**GOAL OF THE EXERCISE:**
In your copy, leave out all pictures and reproduce every entry exactly.

**Short text fragments from websites:**
***

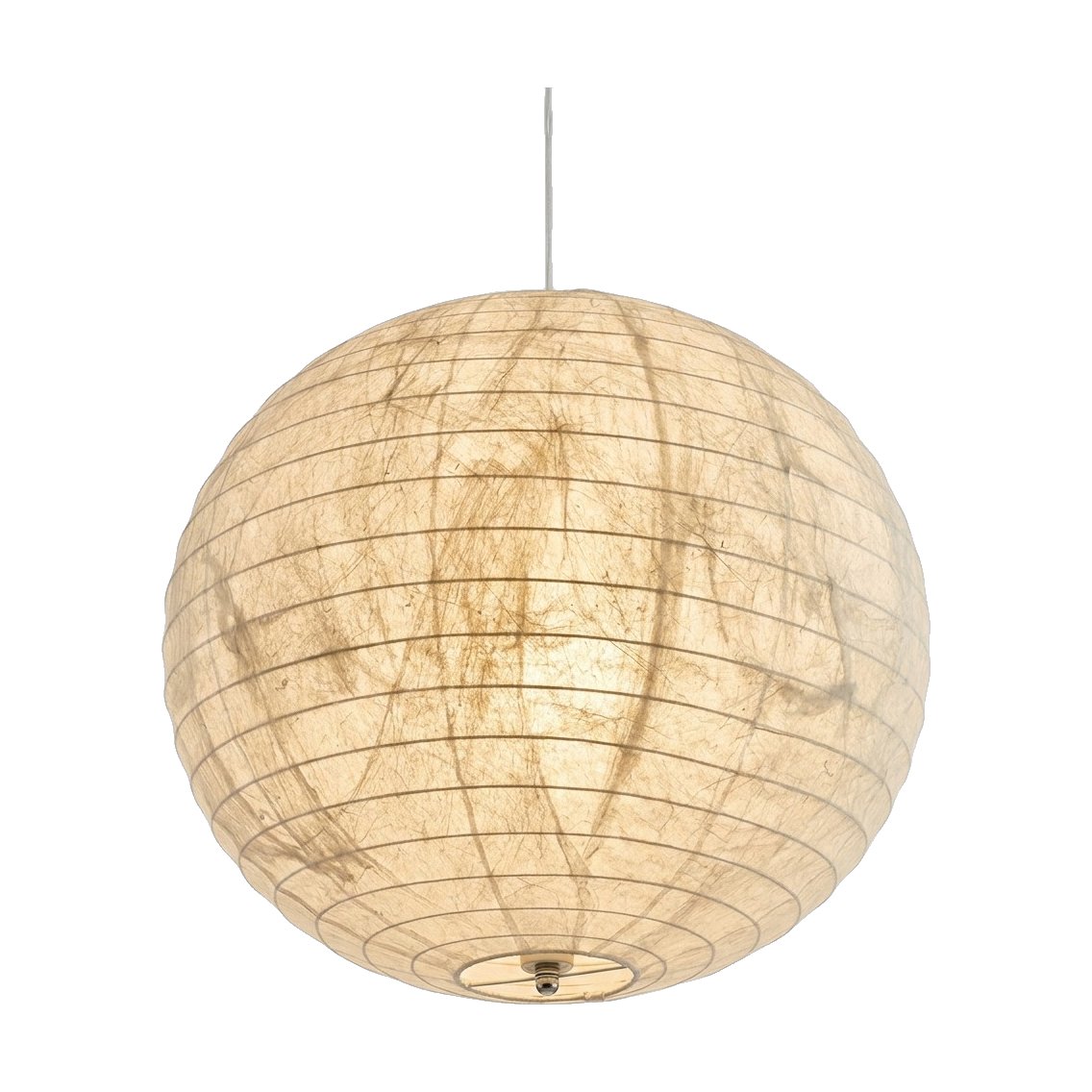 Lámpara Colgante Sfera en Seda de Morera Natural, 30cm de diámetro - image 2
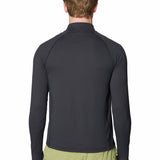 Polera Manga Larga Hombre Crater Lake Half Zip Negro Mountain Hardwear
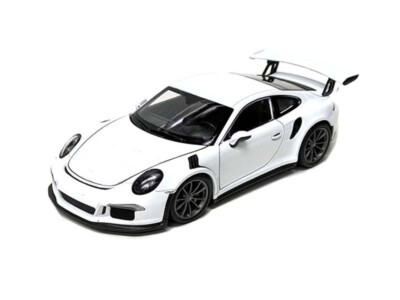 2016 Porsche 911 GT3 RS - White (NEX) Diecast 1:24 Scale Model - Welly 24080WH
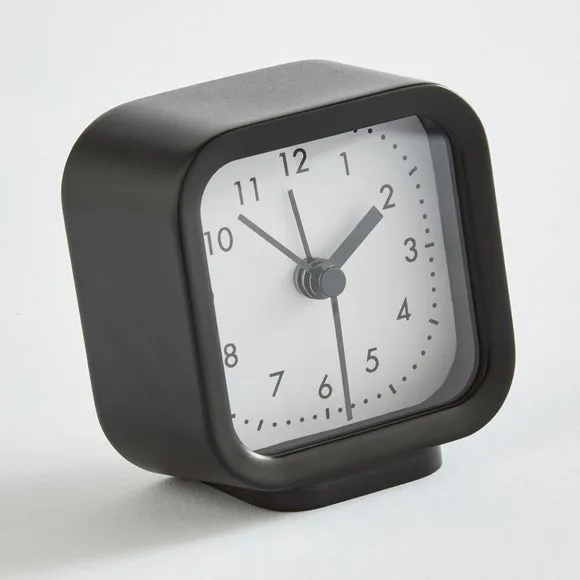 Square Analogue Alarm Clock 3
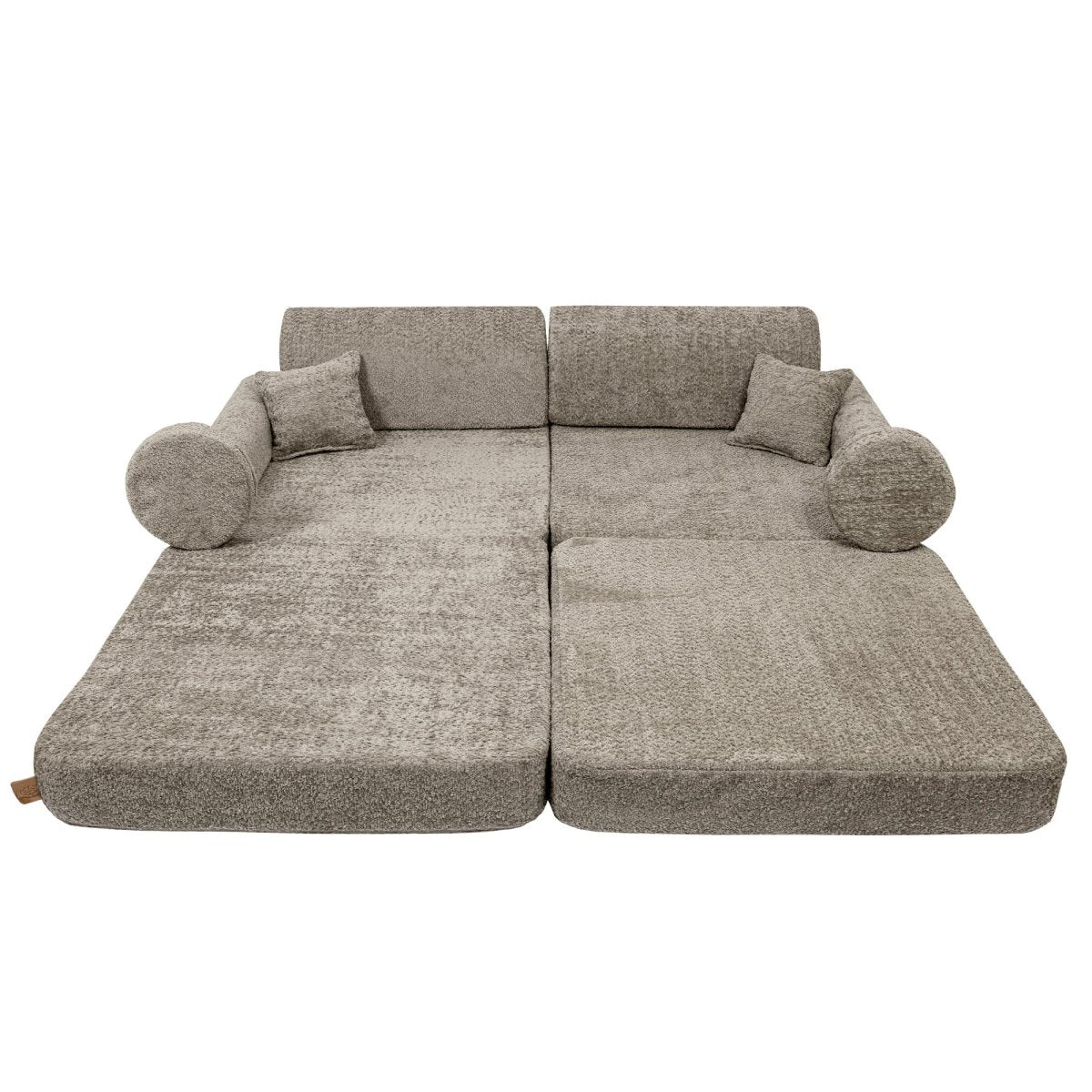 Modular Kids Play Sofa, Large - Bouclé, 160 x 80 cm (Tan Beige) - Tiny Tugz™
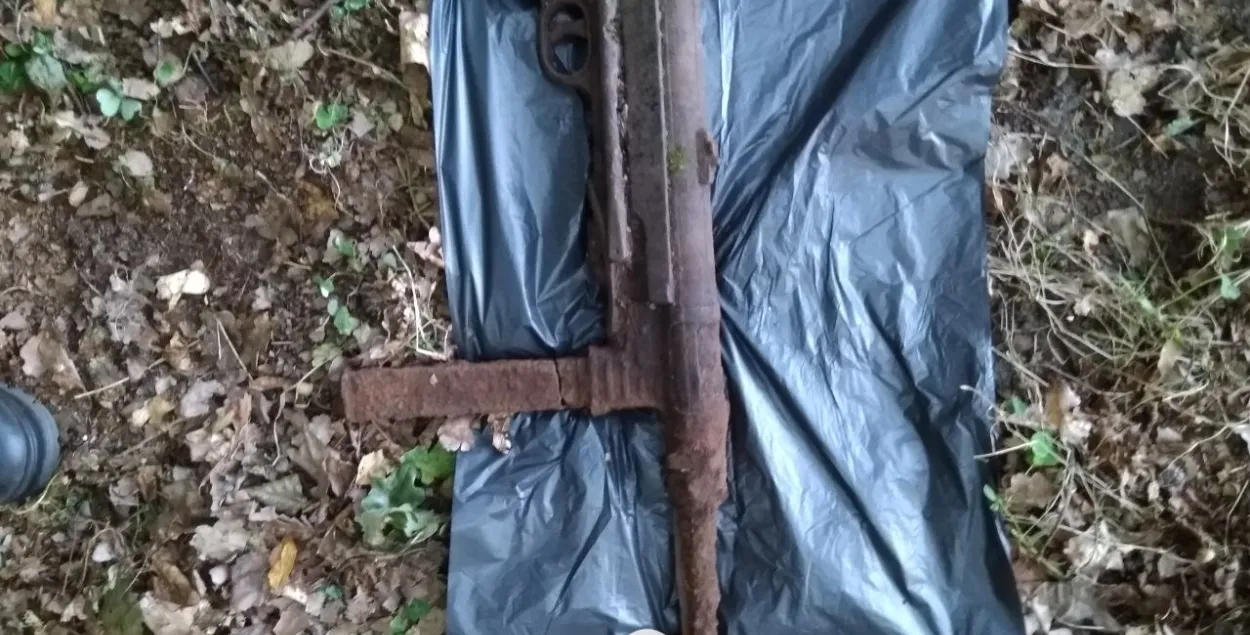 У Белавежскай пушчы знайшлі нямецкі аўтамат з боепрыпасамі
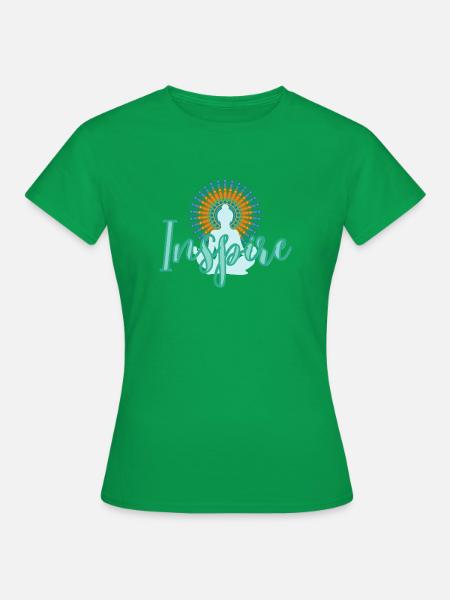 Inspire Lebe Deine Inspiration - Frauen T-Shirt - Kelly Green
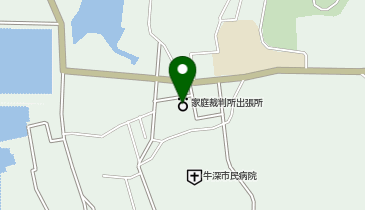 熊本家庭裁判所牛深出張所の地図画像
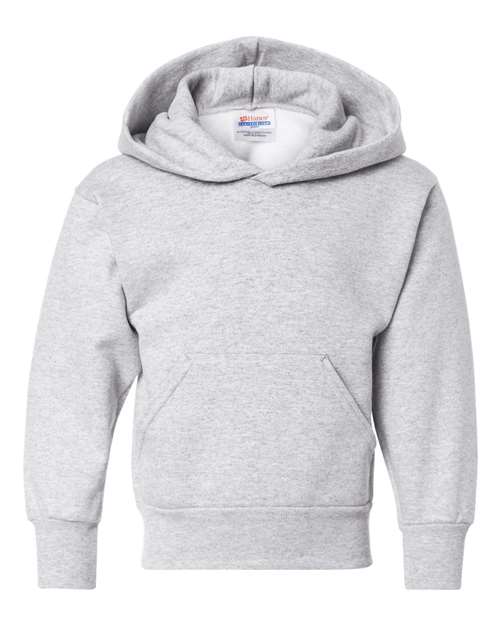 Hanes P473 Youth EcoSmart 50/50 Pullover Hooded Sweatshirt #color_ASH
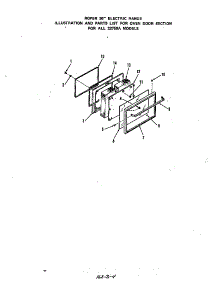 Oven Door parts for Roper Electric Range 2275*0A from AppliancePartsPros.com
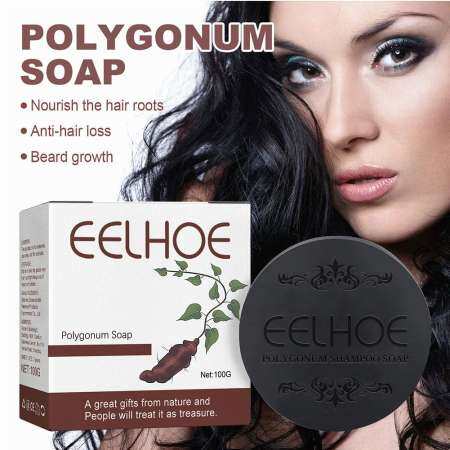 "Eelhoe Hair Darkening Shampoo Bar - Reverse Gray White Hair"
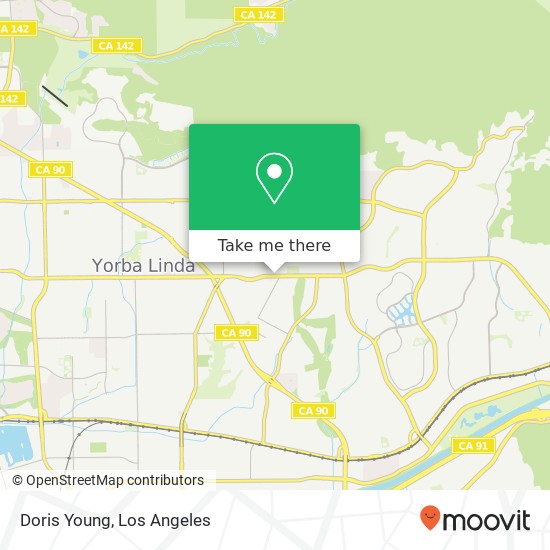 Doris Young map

***

**RESPONSE TO THIS EXERCISE:**
 Lámpara Colgante Sfera en Seda de Morera Natural, 30cm de diámetro - image 2
 Polera Manga Larga Hombre Crater Lake Half Zip Negro Mountain Hardwear
 2016 Porsche 911 GT3 RS - White (NEX) Diecast 1:24 Scale Model - Welly 24080WH
 Square Analogue Alarm Clock 3
 Modular Kids Play Sofa, Large - Bouclé, 160 x 80 cm (Tan Beige) - Tiny Tugz™
 У Белавежскай пушчы знайшлі нямецкі аўтамат з боепрыпасамі
 Inspire Lebe Deine Inspiration - Frauen T-Shirt - Kelly Green
 熊本家庭裁判所牛深出張所の地図画像
 Hanes P473 Youth EcoSmart 50/50 Pullover Hooded Sweatshirt #color_ASH
 Oven Door parts for Roper Electric Range 2275*0A from AppliancePartsPros.com
 "Eelhoe Hair Darkening Shampoo Bar - Reverse Gray White Hair"
 Doris Young map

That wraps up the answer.